Page 1 of 1

White Paper on DataStage Enterprise Edition

Posted: Sun Nov 07, 2004 7:45 pm
by ecclesr
Hi

I am just starting the process of creating a short position paper on DataStage Enterprise Edition for my manager.

We are currently not a Enterprise Edition site

I would like try an cover the following in the paper
- Platform that is runs on
- An example design of a job before and after conversion to parallel
designed job
- Effort for migrate and convert to parallel job designs
- Some of the issues people have encounted is such a migration
- Benfits

I have searched the Ascential library - but found that a frustrating exercise

Any content, pointers the member can provide would be much apreciated in me put something on paper on this topic

You can forward to my email address

Thanking you in Advance

Ross Ecclesfield

Posted: Sun Nov 07, 2004 9:16 pm
by vmcburney
Firstly you are on Windows which means you cannot use Enterprise Edition until version 7.5.1 is released at the start of the next year. That will be the first version of parallel jobs that runs on Windows platforms.

Secondly you need multiple CPUs to get any benefit, preferably four or more. You also need a very high data volume to justify the move. You may be able to remove your current bottlenecks with a more efficient design and multiple instance jobs.

Third, compare the move to Enterprise with a move to RTI. This might get you the scalability you are looking for without a big hardware or development effort.

Now to answer your questions. DataStage Enterprise is certified for Unix and Linux platforms. At the start of next year there will be versions for Windows and Mainframe Unix System Services. I usually view the platforms from e.services but it's currently down.

For example jobs go to Ascential devnet and have a look for something from the upload/download lists.

The effort to migrate is considerable, you are rewriting all servers jobs into parallel jobs. You may be able to limit this work by just migrating those jobs that are a bottleneck and handle a lot of data and run a combination of server and parallel jobs.

Details of the benefits of the parallel architecture are at http://www.ascential.com/products/platf ... ility.html
This page has further links to Ascential Grid Computing, ETL Benchmark etc.

Posted: Mon Nov 08, 2004 12:15 am
by ray.wurlod
A white paper on PX, differences from server and related issues got written almost two years ago by BigPoppa (since departed from the DataStage world) and me. Its publication on the then Tools4DataStage site was blocked by Ascential on "legal grounds".

Posted: Mon Nov 08, 2004 1:04 am
by ecclesr
Hi Ray and Vincent

Thank you for your replies. So far I have been unable to find any documents showing even the simiplest example of a sequential job converted to a parallel job, with a simple explaination of the steps and effort required.

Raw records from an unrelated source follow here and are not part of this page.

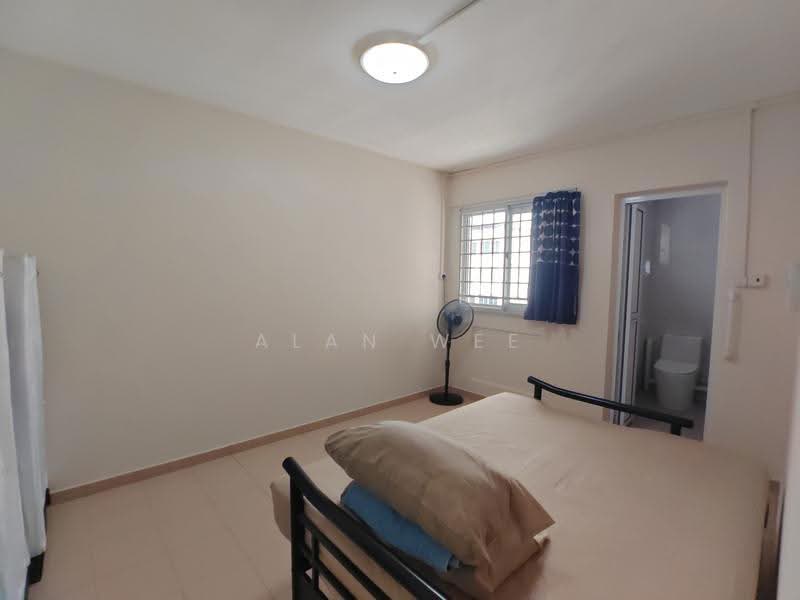 249 Bangkit Road, 249 Bangkit Road, Dairy Farm / Bukit Panjang / Choa Chu Kang, 2 Bedrooms, 785 sqft, HDB Flat For Sale, by Alan Wee, 500284769 - Bedroom - PropertyGuru.com.sg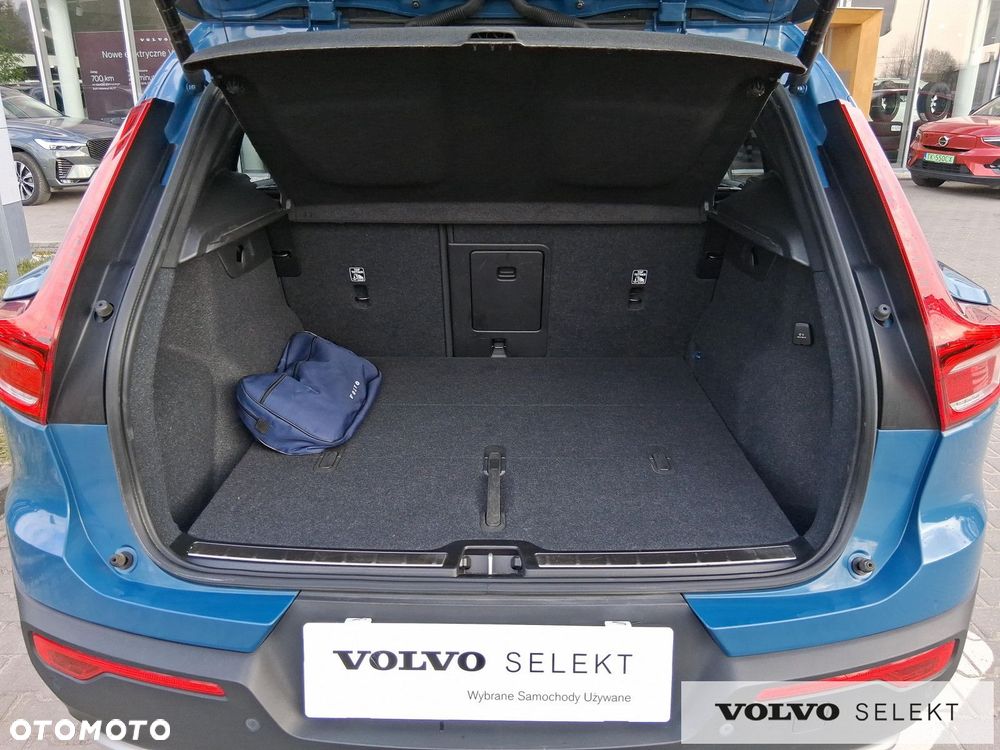 Volvo XC 40 - 30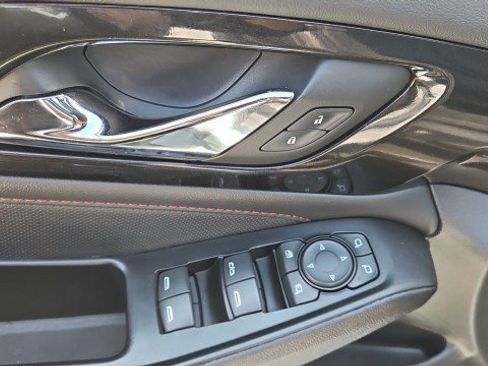 Used 2023 Chevrolet Traverse RS FWD image 23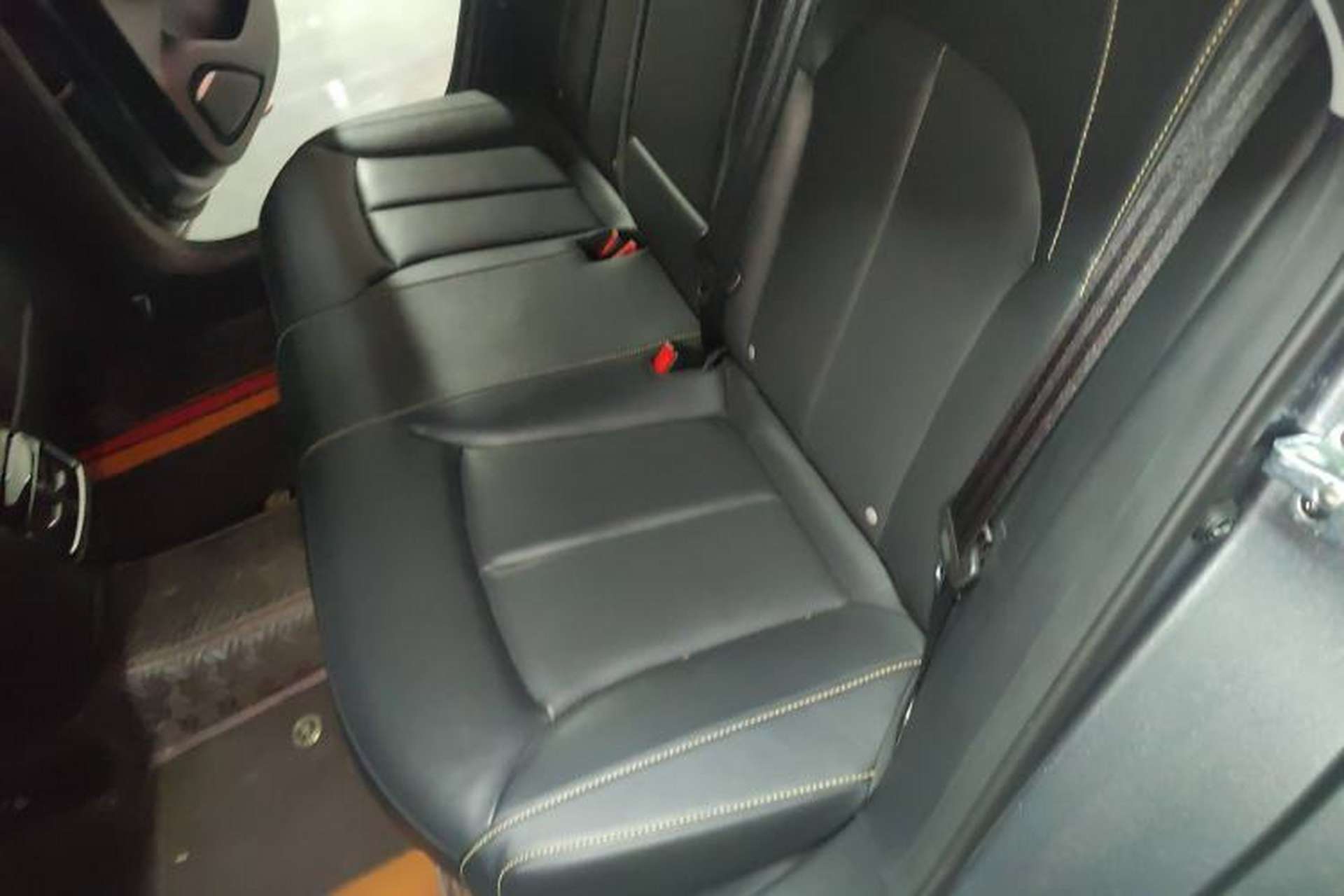 Used Roewe i6 MAX 2020 300TGI Automatic "Swell Cool Smart Drive" Edition Interior 4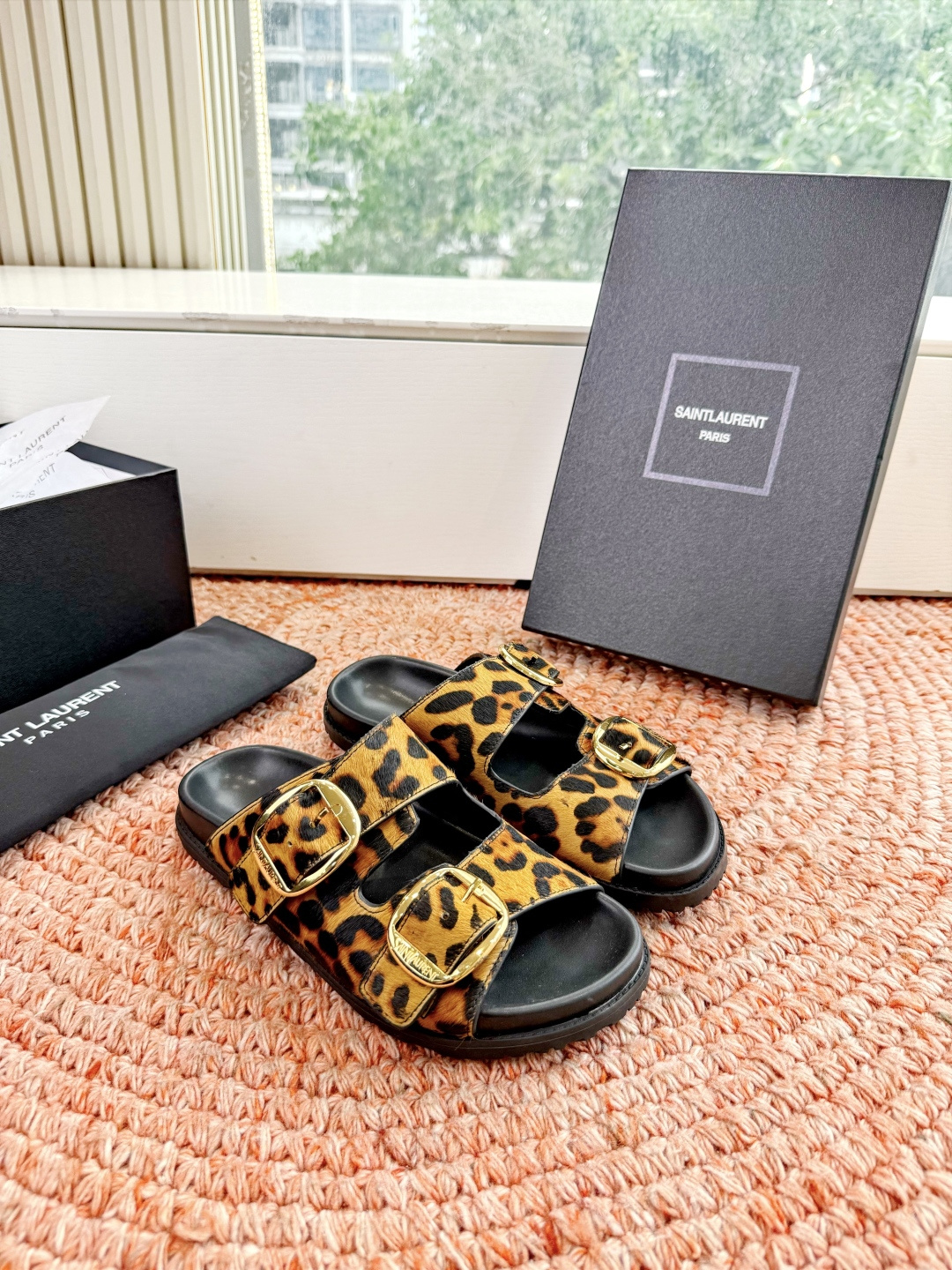 🌾G187Saint Lauren*YSL圣罗兰25ss新品YSL小logo沙滩拖鞋一定要收了它 有一丢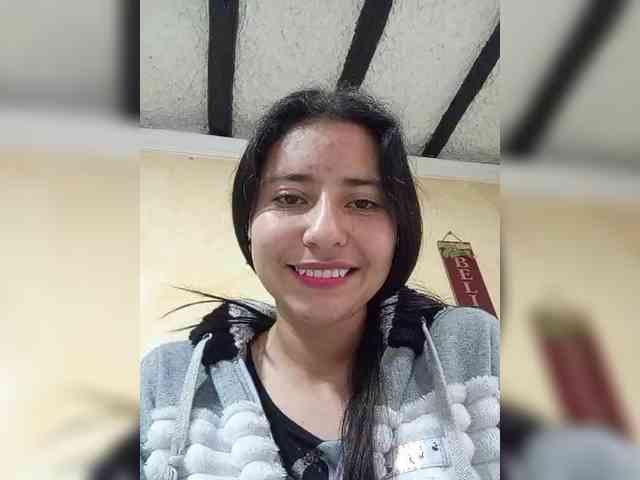 Marcela-5 webcam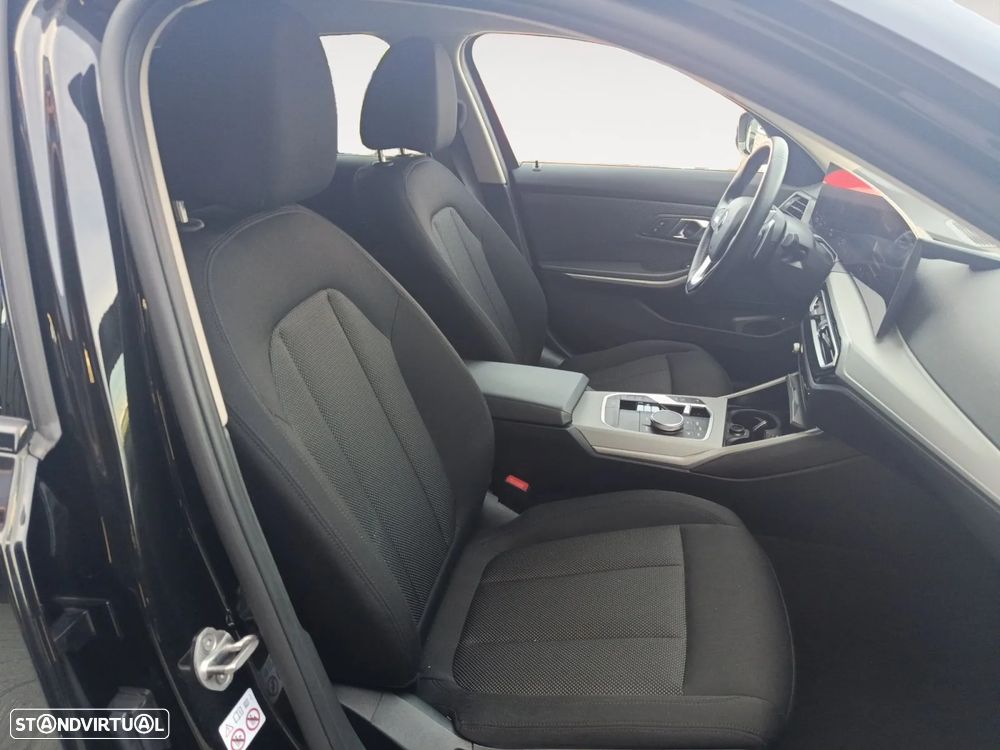 BMW 320 e Auto - 13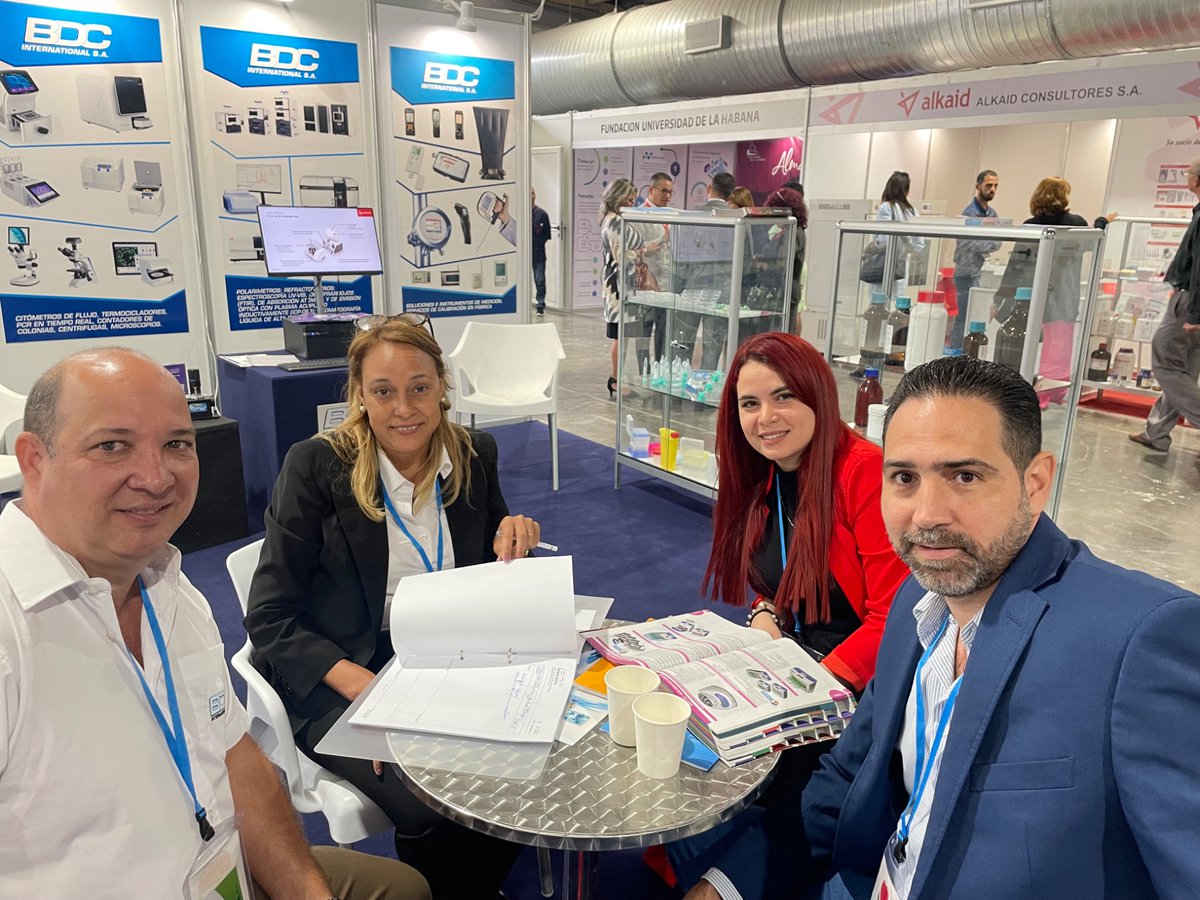OcaRodny's tweet photo. Primera Jornada de la Feria Internacional #SaludParaTodos , con la participación de profesionales del Laboratorio Antidoping. https://t.co/g4srb0aAfY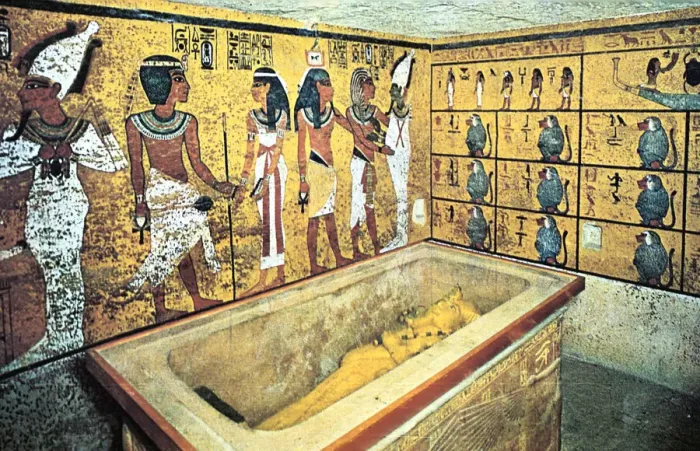 Framed Print : Tomb of Tutankhamun, Ancient Egyptian, 18th Dynasty, c1325 BC Framed Print : Tomb of Tutankhamun, Ancient Egyptian, 18th Dynasty, c1325 BC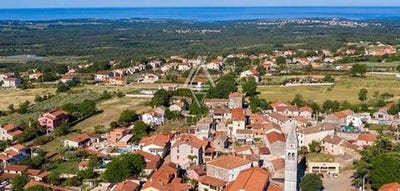 /international/hr/kastelir-labinci-istria-county-310100362955/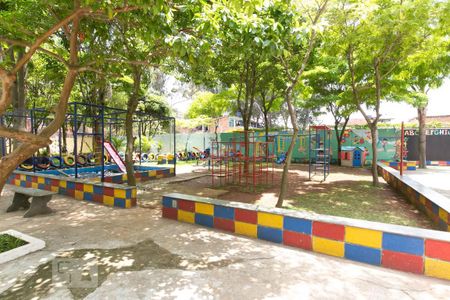 Apartamento à venda com 49m², 2 quartos e 1 vagaÁrea Comum - Playground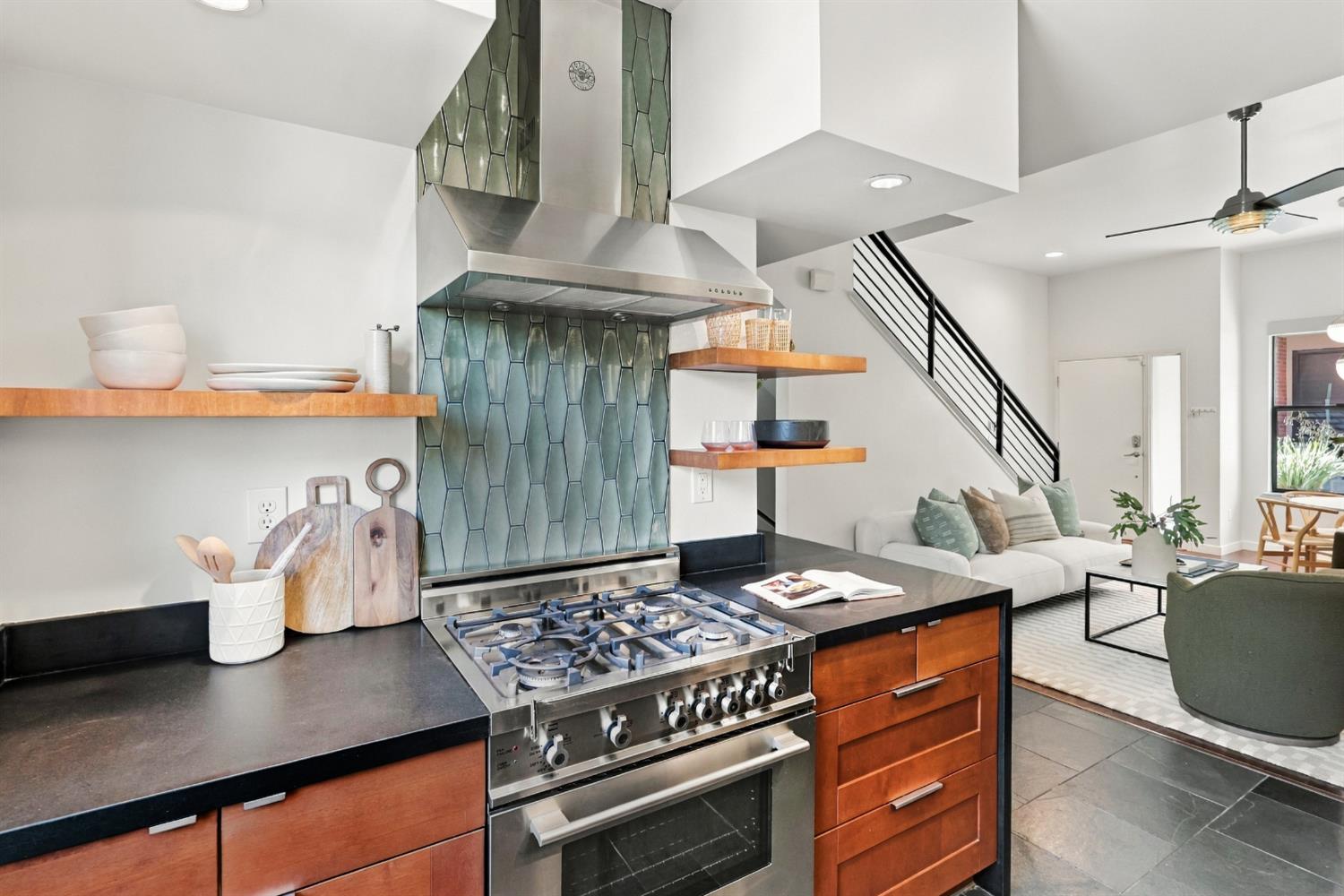 1323 East Sutter Walk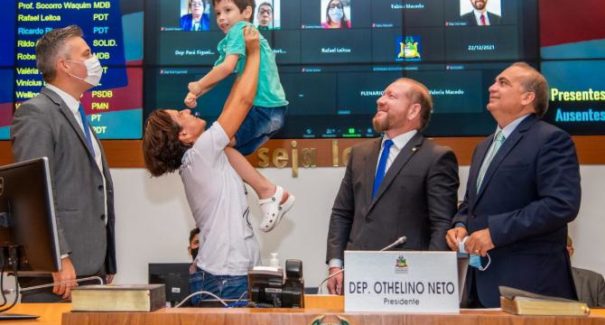 Lei garante sessão adaptada para autistas nos cinemas do Maranhão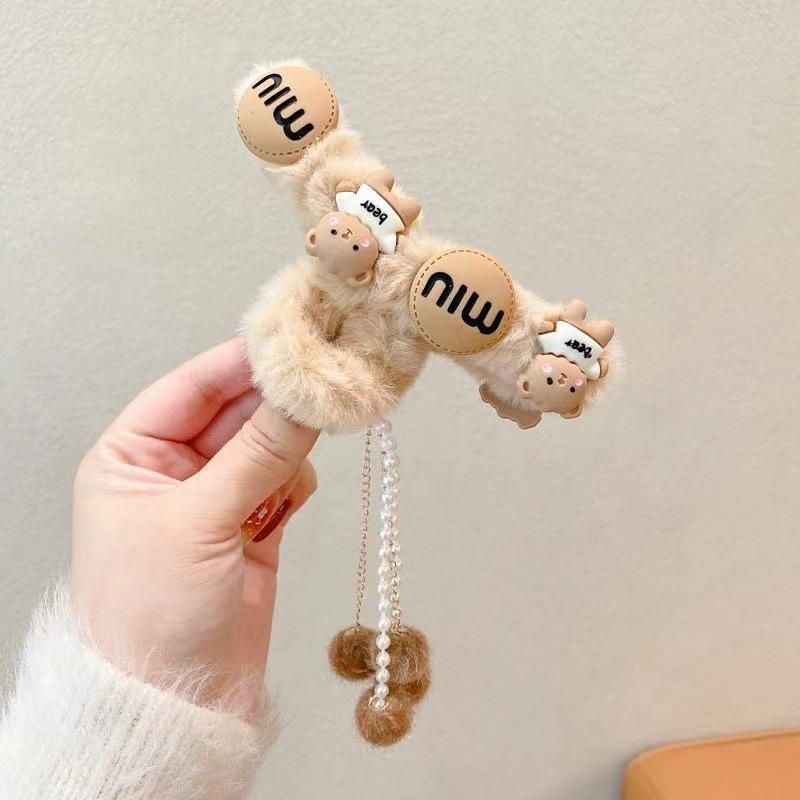 Winter Love Heart Plush Claw Clip Temperamental Tassel Hair Clip Fashion Girls Hair Accessories Clip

I have worked my way around the ascential site and devnet pages and found them to be the most frustating I have ever come across and come up with nothing - like trying to get blood out of a stone.

Ross Ecclesfield

Posted: Mon Nov 08, 2004 5:23 am
by vmcburney
Yep, that's Ascential documentation. You'll be pleased to hear they have hired technical writers for how to documents in upcoming releases. The parallel job developers guide is probably the best piece of documentation with a good description of parallel architecture, if you don't have a copy (it gets installed with the enterprise edition) I'm sure we can get one to you. That will answer most of your questions about how parallel processing works.

If you have a DataStage install CD you might find it in the documentation directory.

Posted: Mon Nov 08, 2004 2:33 pm
by ray.wurlod
You will find it there. The best bits are Chapters 1 and 2 of parjdev.pdf.